Merz für europäischen Atom-Schutzschild – SPD gegen deutsche Beteiligung

Der voraussichtliche künftige Bundeskanzler Friedrich Merz (CDU) hat angekündigt, Verhandlungen über eine nukleare Abschreckung mit Frankreich und Großbritannien führen zu wollen.
Der französische Präsident Emmanuel Macron hatte einen „strategischen Dialog“ mit den europäischen Partnern vorgeschlagen, die nicht über Atomwaffen verfügen. „Wir haben einen Schutzschild, sie nicht“, sagte Macron der Zeitung „Le Parisien“.
„Wir brauchen einen strategischen Dialog mit denen“, die keine Atomwaffen haben, sagte Macron. Dies würde auch Frankreich „stärker machen“. „Sie können nicht länger von der nuklearen Abschreckung der USA abhängen.“ Der Zeitung „Journal du Dimanche“ sagte der französische Präsident, es würde zwischen fünf und zehn Jahren dauern, eine von der NATO unabhängige europäische Verteidigung aufzubauen.

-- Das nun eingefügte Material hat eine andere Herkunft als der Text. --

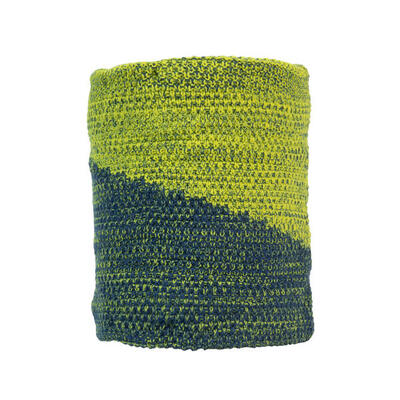 Izas KAZBEK II Cappello invernale unisex per adulti. stile urbano e sportivo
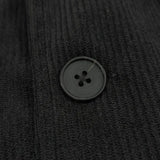 Vail ™ | Premium džinsinis švarkas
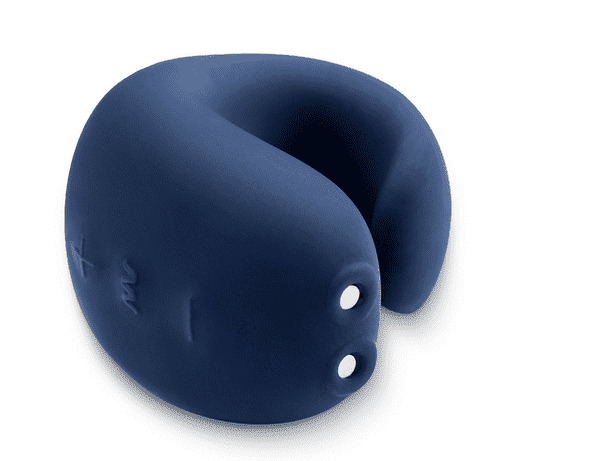 Мини-вибратор на палец Fun Toys Gring Мини-вибратор на палец Fun Toys Gring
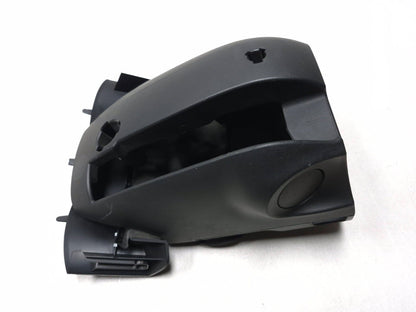2014 Ford Focus St Steering Column Shroud Trim Cover Oem✅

Merz sagte der „Frankfurter Allgemeinen Sonntagszeitung“, er wolle mit Frankreich, Großbritannien und anderen Verbündeten über ein europäisches System nuklearer Abschreckung verhandeln. In der Vergangenheit sei bereits häufig über eine solche Kooperation gesprochen worden, etwa, dass „ein Angriff auf Deutschland auch den atomaren Schutz durch Frankreich aktivieren würde“. Die Lage habe sich „jetzt noch einmal verändert, und deshalb sollten wir neu über dieses Thema gemeinsam nachdenken“, betonte der CDU-Chef.
Keine Zustimmung von SPD
Die SPD als möglicher Koalitionspartner sieht das Vorhaben als einen Schritt in die falsche Richtung.

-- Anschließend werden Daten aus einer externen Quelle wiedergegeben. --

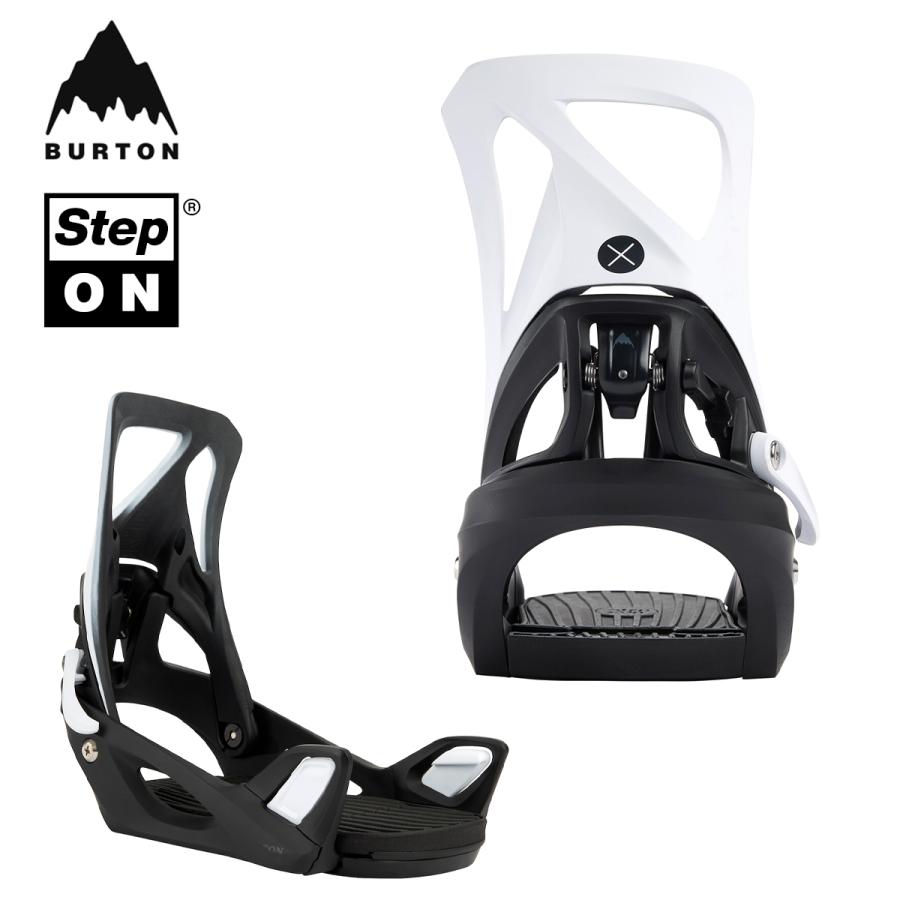 バートン ステップオン レディース ウーマンズ W22JP-222241 Womens Step On X Snowboard Binding Re: Flex ステップオン エックス スノーボード リフレックス :w21jp-222241:masa surf and snow - 通販 - Yahoo!ショッピング バートン ステップオン レディース ウーマンズ W22JP-222241 Womens Step On X Snowboard Binding Re: Flex ステップオン エックス スノーボード リフレックス :w21jp-222241:masa surf and snow - 通販 - Yahoo!ショッピング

Der SPD-Außenpolitiker Ralf Stegner sagte den Zeitungen der Funke-Mediengruppe, er glaube nicht, dass sich die SPD auf den Plan von Merz einlassen könnte. Selbstverständlich sei eine enge Zusammenarbeit mit Frankreich und Großbritannien notwendig, ebenso die Stärkung der Verteidigungsfähigkeit und die Präsenz an der NATO-Ostgrenze. „Aber wir brauchen bestimmt keine weitere nukleare Aufrüstung, schon gar nicht über eine atomare Bewaffnung Deutschlands, das ist ein Irrweg“, sagte Stegner.
Es müsse vielmehr darum gehen, die atomare Aufrüstung weltweit zu stoppen und dafür zu sorgen, dass die Zahl der Atomwaffen wieder sinke. Damit werde mehr Spielraum für die Lösung der eigentlichen Probleme weltweit geschaffen – von Hunger über Bürgerkriege und Umweltzerstörung bis zu Fluchtbewegungen.
Linke: Gefährlich und überflüssig
Der Vorsitzende der Linken, Jan van Aken, bezeichnete den Vorstoß von Merz derweil als „gefährlichen und zugleich überflüssigen Weg“. Eine europäische Atombewaffnung gebe es bereits mit den jeweils über 200 Atomwaffen von Großbritannien und Frankreich, sagte van Aken den Zeitungen der Funke-Mediengruppe. „Es gibt keinen Grund, warum Deutschland jetzt aktiver Teil dieses Systems nuklearer Abschreckung werden soll.“
Das lässt sich nur damit erklären, dass Friedrich Merz Ambitionen auf deutsche Atomwaffen hat, und das ist angesichts der deutschen Geschichte ein völliger Irrweg.“
AfD: „Deutschland muss stark werden“
Der verteidigungspolitische Sprecher der AfD Rüdiger Lucassen hingegen zeigte sich einem europäischen Atom-Schutzschild mit deutscher Beteiligung gegenüber aufgeschlossen. „Ein strategisch autonomes Deutschland kann auf den Schutz durch Nuklearwaffen nicht verzichten“, so Lucassen gegenüber der Epoch Times.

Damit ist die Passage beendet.